§ Assignment: Please repeat, from the entries that follow, the lines from the one containing "origin_‘신민아♥’김우빈결혼앞두고쇼핑몰나들이.jpg" through the one containing "Slide: The Image" exactly, adding nothing.
Content starts
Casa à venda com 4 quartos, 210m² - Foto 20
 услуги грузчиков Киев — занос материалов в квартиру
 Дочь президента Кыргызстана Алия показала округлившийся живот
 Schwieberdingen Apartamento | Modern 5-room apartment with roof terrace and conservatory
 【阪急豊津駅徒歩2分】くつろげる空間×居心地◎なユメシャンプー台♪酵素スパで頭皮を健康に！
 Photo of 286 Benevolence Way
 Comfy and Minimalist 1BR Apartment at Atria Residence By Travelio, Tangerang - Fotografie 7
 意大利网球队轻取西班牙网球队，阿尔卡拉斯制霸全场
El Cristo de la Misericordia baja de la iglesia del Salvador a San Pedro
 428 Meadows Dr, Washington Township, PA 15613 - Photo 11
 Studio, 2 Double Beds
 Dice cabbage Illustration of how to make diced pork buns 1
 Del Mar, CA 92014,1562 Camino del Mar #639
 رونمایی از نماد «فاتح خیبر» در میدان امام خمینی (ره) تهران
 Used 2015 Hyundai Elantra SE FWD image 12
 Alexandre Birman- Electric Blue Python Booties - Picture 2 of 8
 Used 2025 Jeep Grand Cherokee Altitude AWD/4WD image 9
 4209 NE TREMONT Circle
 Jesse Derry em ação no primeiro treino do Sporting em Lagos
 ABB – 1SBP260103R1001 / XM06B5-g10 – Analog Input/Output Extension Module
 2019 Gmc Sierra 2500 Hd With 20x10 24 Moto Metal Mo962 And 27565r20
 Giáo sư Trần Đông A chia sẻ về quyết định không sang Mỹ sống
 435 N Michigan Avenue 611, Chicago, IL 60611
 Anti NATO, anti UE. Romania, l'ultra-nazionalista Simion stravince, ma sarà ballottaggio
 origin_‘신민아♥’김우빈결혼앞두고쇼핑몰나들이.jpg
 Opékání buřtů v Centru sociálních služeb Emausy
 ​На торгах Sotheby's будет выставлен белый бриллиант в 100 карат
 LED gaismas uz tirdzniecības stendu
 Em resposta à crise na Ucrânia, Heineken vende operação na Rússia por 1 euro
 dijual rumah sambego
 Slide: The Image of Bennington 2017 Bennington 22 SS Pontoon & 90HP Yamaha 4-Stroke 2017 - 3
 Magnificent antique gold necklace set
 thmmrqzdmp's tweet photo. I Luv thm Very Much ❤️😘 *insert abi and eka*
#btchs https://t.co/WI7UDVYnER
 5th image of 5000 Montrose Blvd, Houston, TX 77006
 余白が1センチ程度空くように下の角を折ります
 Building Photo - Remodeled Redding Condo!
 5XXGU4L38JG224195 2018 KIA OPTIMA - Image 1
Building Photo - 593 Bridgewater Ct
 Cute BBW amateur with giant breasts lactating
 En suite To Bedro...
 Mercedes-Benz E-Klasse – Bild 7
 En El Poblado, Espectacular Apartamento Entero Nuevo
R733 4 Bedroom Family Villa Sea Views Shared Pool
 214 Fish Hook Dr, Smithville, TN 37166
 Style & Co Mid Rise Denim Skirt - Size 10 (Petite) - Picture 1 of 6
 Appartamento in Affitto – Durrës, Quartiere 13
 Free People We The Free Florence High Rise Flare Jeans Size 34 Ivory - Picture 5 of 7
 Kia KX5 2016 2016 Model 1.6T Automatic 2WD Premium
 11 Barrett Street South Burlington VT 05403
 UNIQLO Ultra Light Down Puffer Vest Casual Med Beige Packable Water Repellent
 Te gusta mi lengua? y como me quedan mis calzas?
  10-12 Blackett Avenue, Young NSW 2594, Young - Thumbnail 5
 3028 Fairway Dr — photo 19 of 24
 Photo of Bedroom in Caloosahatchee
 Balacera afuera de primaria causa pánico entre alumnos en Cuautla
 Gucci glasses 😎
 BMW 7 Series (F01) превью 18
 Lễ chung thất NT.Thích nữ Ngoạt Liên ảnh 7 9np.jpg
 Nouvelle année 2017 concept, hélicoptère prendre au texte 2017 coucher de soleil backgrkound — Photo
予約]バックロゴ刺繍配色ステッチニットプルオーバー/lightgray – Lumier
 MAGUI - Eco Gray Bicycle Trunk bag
Content ends
§ Answer for this exercise:
 origin_‘신민아♥’김우빈결혼앞두고쇼핑몰나들이.jpg
 Opékání buřtů v Centru sociálních služeb Emausy
 ​На торгах Sotheby's будет выставлен белый бриллиант в 100 карат
 LED gaismas uz tirdzniecības stendu
 Em resposta à crise na Ucrânia, Heineken vende operação na Rússia por 1 euro
 dijual rumah sambego
 Slide: The Image of Bennington 2017 Bennington 22 SS Pontoon & 90HP Yamaha 4-Stroke 2017 - 3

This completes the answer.